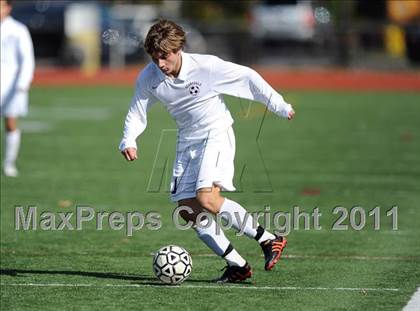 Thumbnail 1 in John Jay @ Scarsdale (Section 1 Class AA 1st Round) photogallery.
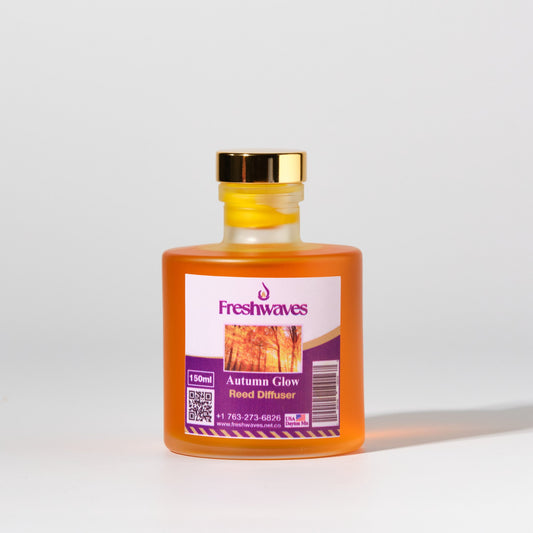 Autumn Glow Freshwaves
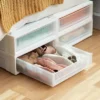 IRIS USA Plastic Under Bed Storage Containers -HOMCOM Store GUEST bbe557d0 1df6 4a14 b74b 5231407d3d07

● ● ● ●

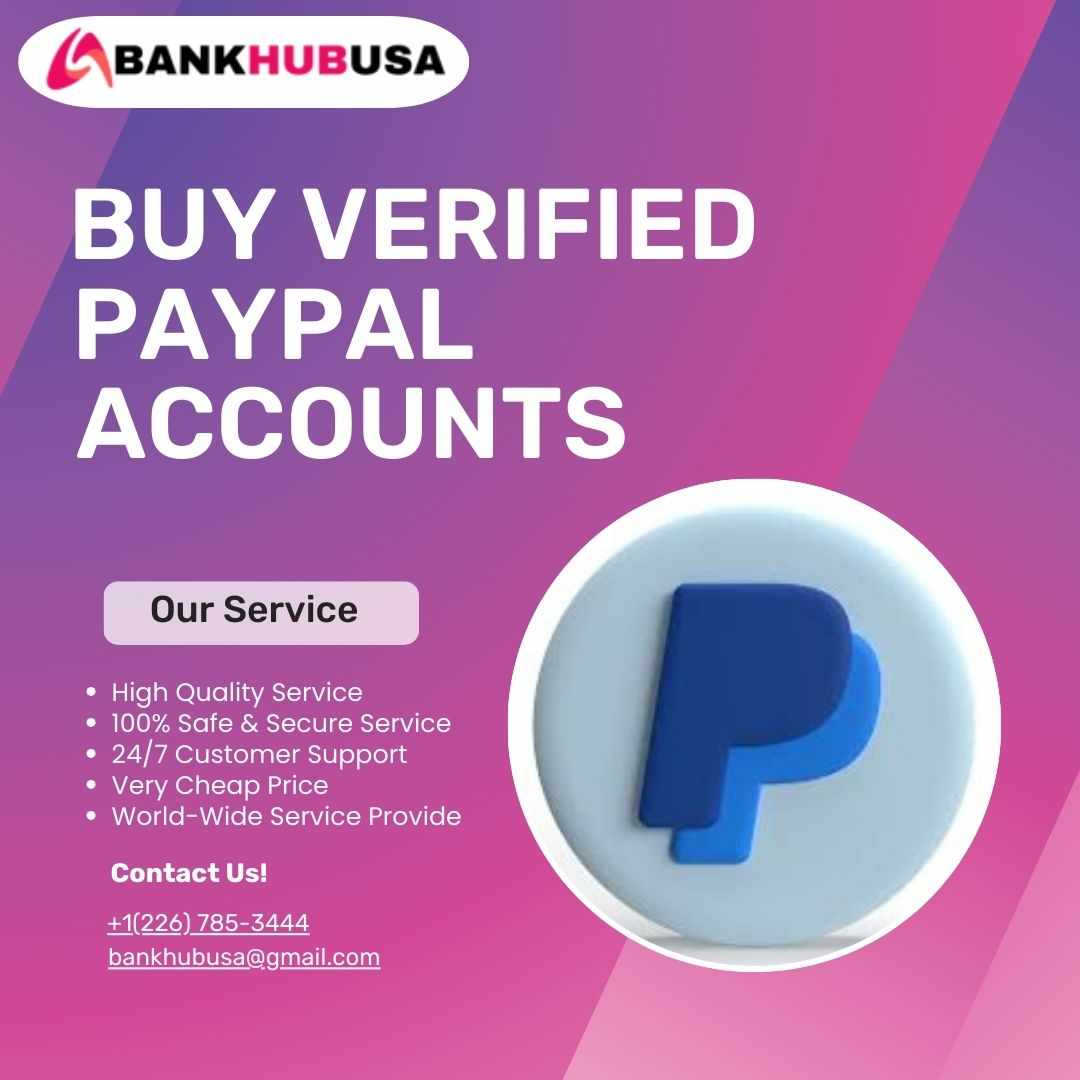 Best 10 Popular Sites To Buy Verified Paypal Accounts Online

● ● ● ●

» EXERCISE REQUIREMENTS
Within the listing above, the lines from the one with "Thumbnail 1 in" through the one with "IRIS USA Plastic" are to be given again word for word. Do not include pictures.

» YOUR SOLUTION
 Thumbnail 1 in John Jay @ Scarsdale (Section 1 Class AA 1st Round) photogallery.
 Autumn Glow Freshwaves
 IRIS USA Plastic Under Bed Storage Containers -HOMCOM Store GUEST bbe557d0 1df6 4a14 b74b 5231407d3d07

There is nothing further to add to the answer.